Editor, publisher, author, and all round busy guy, Paul Collins describes his latest anthology as ‘a sumptuous literary feast’ in which ‘no one will go away hungry, as the collection is a literary banquet with something for everyone.’ If that doesn’t whet your appetite for the collection of Australian stories, poetry and artwork that is, Rich and Rare, then spend a few moments ingesting Julie Fison’s interview with him as they dissect the intricacies of this collection.
His description, I feel also encapsulates the essence of our Australian literary landscape, so admirably showcased a couple of weeks ago at the 19th Story Arts Festival of Children’s Literature in Ipswich. This biennial Queensland festival is for adults and young adults be they teachers, librarians, or emerging writers and illustrators aiming to heighten awareness in the creative arts of writing and illustration and help build and maintain increased audiences for children’s literature. The school kids involved really loved it too.
I found the Story Arts Festival nothing short of inspirational and one of the most relaxed, enriching and informative conferences I have experienced. Like the anthology, Rich and Rare, it treated participating creators to a vast and delicious array of art, insight, and entertainment. Many of the contributors to this anthology participated at this year’s Story Arts. Many more are past presenting veterans of the festival. Here is but a sampler of some of the tantalising talent served up; the guest list is stupendously long and illustrious with the likes of Shaun Tan, Gary Crew, Justin D’Ath, Tania McCartney, Gabrielle Wang, and Tracey Hawkins to drop just a few.
Janeen Brian award winning multi-genre children’s author whose Rich and Rare story, The Art of Illusion inspires wonder and magic in young minds. With illustrators, Ann James, Matt Ottley, Terry Denton and fellow authors, Mark Greenwood and Tony Palmer, she revealed the fun and frustrations behind creations such as her phenomenally successful I’m a Dinosaur picture book series, whilst striving to increase literacy in children through entertaining literary content.

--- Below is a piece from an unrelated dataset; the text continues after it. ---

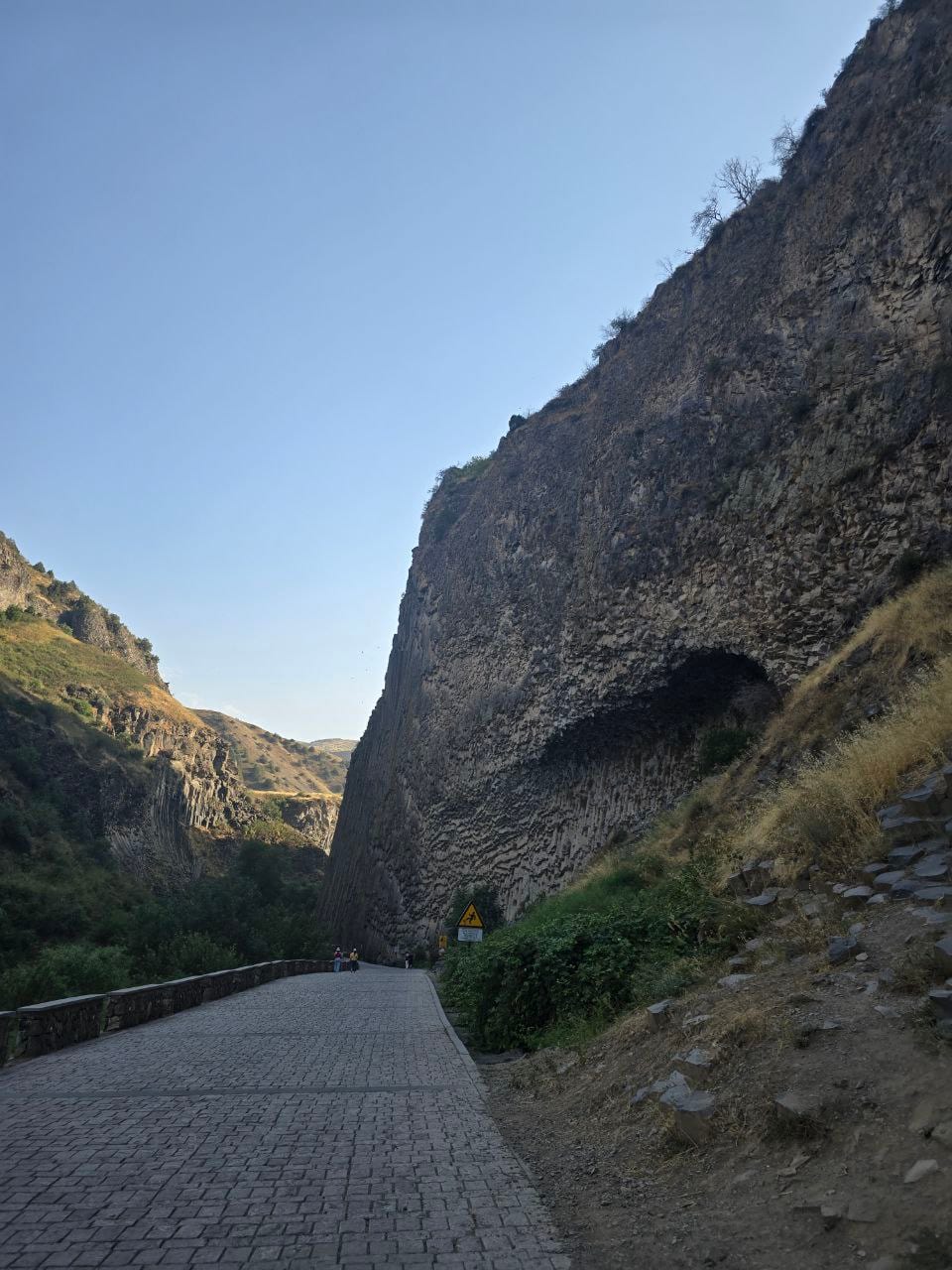 Գառնիից-Քարերի Սիմֆոնիա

Oliver Phommavanh is another such entertainer dishing up platefuls sensitive story lines liberally garnished with loads of laughs. What kid can resist temptations like those? Following his riotous expose of being an Aussie kid with Thai parents in suburban Australia with Thai-riffic! and Thai-no-mite, Phommavanh continues to slap out the humour with Stuff Happens: Ethan and Con-nerd. His short Rich and Rare tale, My Brother’s Keeper displays Phommavanh’s trademark observational wit in a devastatingly touching, contemporary way.
Archimede Fussillo is another first-generation Australian this time sporting an Italian heritage. His impressive range of mid-grade readers and YA novels further enriches the diverse reading fodder of Australian’s youth. He appeared at the festival with Josie Montano to launch their co-authored collaborative novel, Veiled Secrets, published by US Solstice. He penned the poignant and heart-tugging, The Bravest Person I Know for Rich and Rare.

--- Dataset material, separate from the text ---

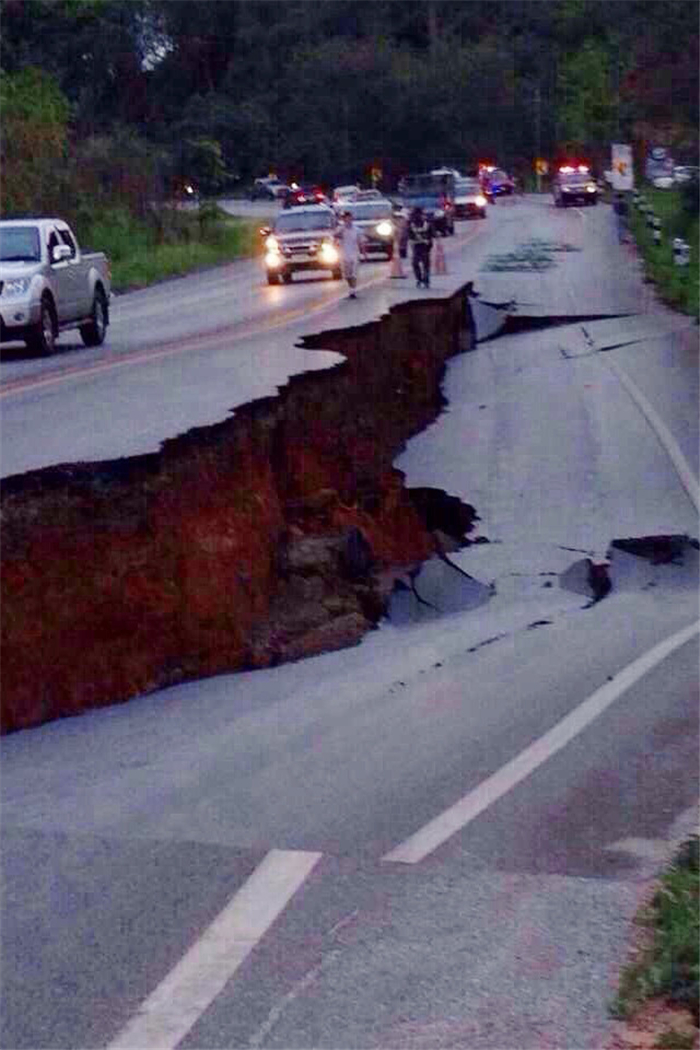 6.1 magnitude quake hits N Thailand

Michael Gerard Bauer is a Queensland author equally at home with humour. His series include the Ishmael trilogy, Eric Vale and Derek ‘Danger’ Dale stories running from the sublime to the snort-out-loud-ridiculous. Eric Vale Epic Fail was adapted into a stage play by THAT Production Company this year and played for the first time to Festival audiences with rousing success. His standout works include Just a Dog and The Running Man, which was CBCA Book of the Year in 2004. Both are stories of achingly plaintive prose embedded with incredible heart and soul. He returns to hilarity in Rich and Rare with the short story, The Knitting Needle Ninja.
Sophie Masson’s repertoire of fantasy, mystery, thriller, and even graphic novels stretches further than a giant’s smorgasbord. She is master of coping with change following a fluctuating home base as a child (her parents alternated between France and Australia to live) and now the necessity of author adaption in the digital age, the subject she addressed at Story Arts. Her dark and treacherous reimagined Snow White novel, Hunter’s Moon appeared earlier this year. She compares the Rich and Rare anthology to an intricately fashioned patchwork quilt, ‘a strikingly unusual and complex yet satisfying and simple thing’.

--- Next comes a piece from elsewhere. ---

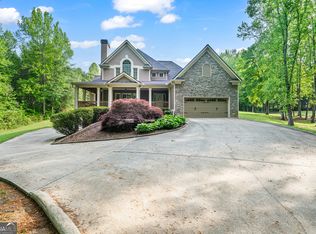 351 Allendale Dr, Canton, GA 30115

Amply satisfying it is too, and like the Story Arts festival, ably fulfils its objective to capture and preserve the attention of a wider reading audience. Anthologies may not be widely popular to publish but when they showcase talent such as that embodied in Rich and Rare and are able to sustain readers with stories of such exquisite delectableness, they really are too good to pass up. Stack your plate high and celebrate the art of story.